I recently used the emoji search feature in an app. I typed “car” and expected to be greeted with 🚗 as a top result but found things like 🥕 (carrot) to be much higher ranking. This post explores how a search algorithm for searching a small list can be enhanced.
A search experience like this might be called substring match search because it works something like this:
- Start with a list of values
- Filter based on substring matching
- Return results
The solution is simple and for some applications with small lists it may be perfect.
There are some shortcomings, however. Misspellings are not tolerated, and ranking is nonexistent. As a result, the query “carr” might not return the car at all, and “car” might return the carrot as the first result.
I worked on a project similar to the emoji search where a simple solution was desired. The list of items to query was small (hundreds to thousands). The search could be made fast and reasonably good without introducing a new dependency like Elasticsearch.
That project started with a prototype quite similar to the substring match search algorithm. It evolved to use a distance algorithm for ranking.
Computing Distance
Let’s go back to the “car” query. Instead of simply filtering the results for anything that contains “car,” what if we had a way to compare the “car” query to each possible result and compute a similarity? If the two are too dissimilar, the result can be discarded; if not, the result can be kept with the score for later sorting.

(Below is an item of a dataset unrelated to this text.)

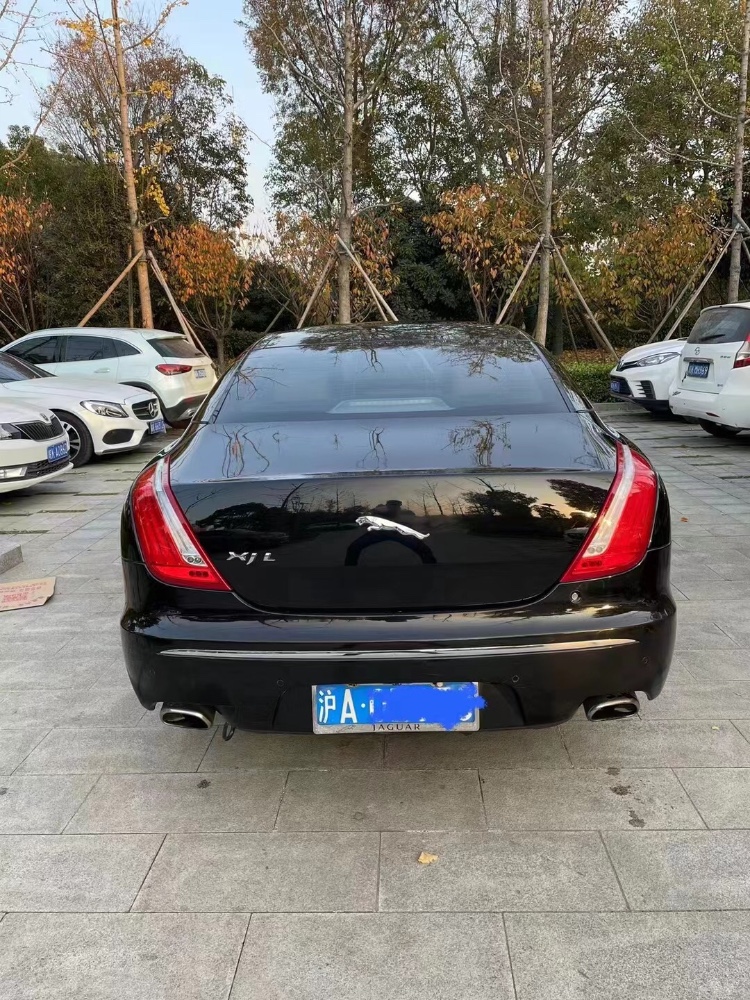 上海12年捷豹XJL7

Such an algorithm solves the two problems above:
- Small misspellings can be accounted for, as a difference of one or two characters
- The results can be ranked from most relevant to least relevant, because each results has a distance score - and results below a threshold can be excluded
Any distance algorithm is going to be slower than the simple substring search above, but for small datasets it might still be appropriate. As with all problems, knowing your requirements is key!
Jaro-Winkler Algorithm
An algorithm worth considering in these situations is Jaro-Winkler. Jaro-Winkler has two components1:
- Jaro similarity: The foundation of the algorithm is to compute a similarity score based on the number of edits.
- Prefix boost: The algorithm boosts results who share a prefix with the search query, enhancing the results.

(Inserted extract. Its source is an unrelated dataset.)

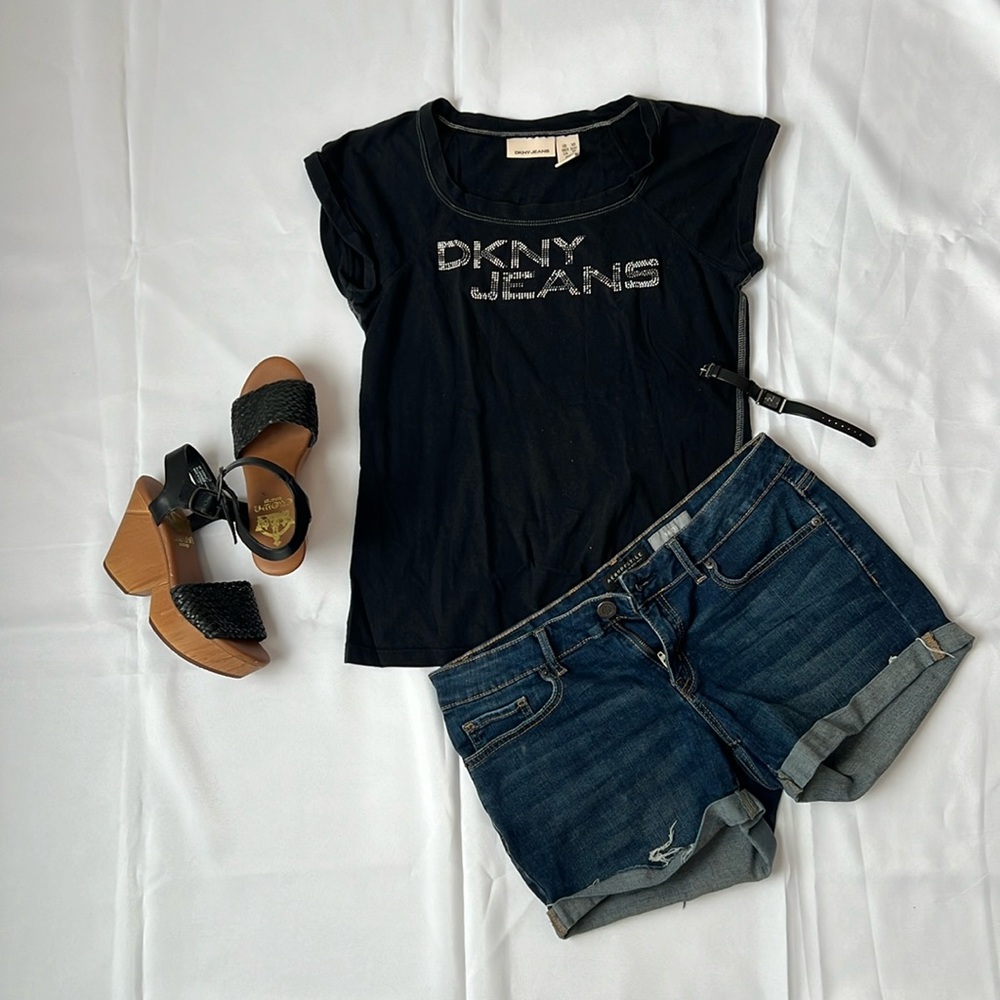 Black tee shirt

There are many other algorithms worth considering, but Jaro-Winkler may be a nice iteration over the substring search approach.
Search Requirements
Clearly there are many different search problems, and whether a solution is good depends on the use case. Search problems of a certain scale couldn’t use an algorithm like Jaro-Winkler; it would be too expensive. Also the desired behavior varies widely in search. For instance, a use case might not tolerate misspellings, but does require ranking with a prefix boost.

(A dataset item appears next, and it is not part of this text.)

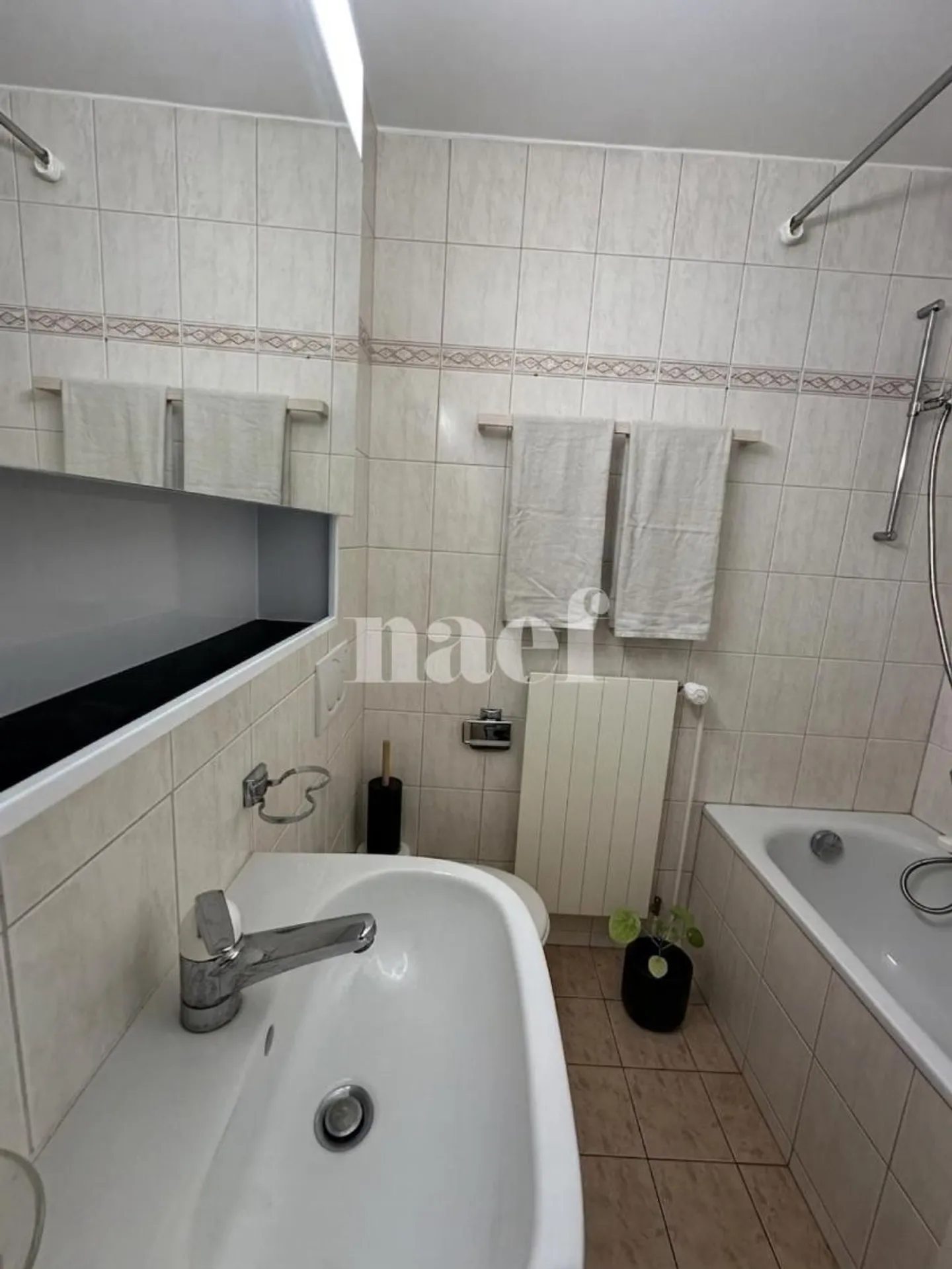 Geräumige Wohnung mit Balkon - Foto 3 von 7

What was fascinating to me, in playing with search a little, is the way an algorithm can be written and tweaked for a use case; for instance, I had started with Jaro similarity score and then added a prefix boost and tuned that for my use case. It’s a fun world to tinker with!
If you have never played with search, give it a try! You could grab a list of emoji and see what algorithm makes for a nice search experience for you.
-
See the Wikipedia entry if you want more details. ↩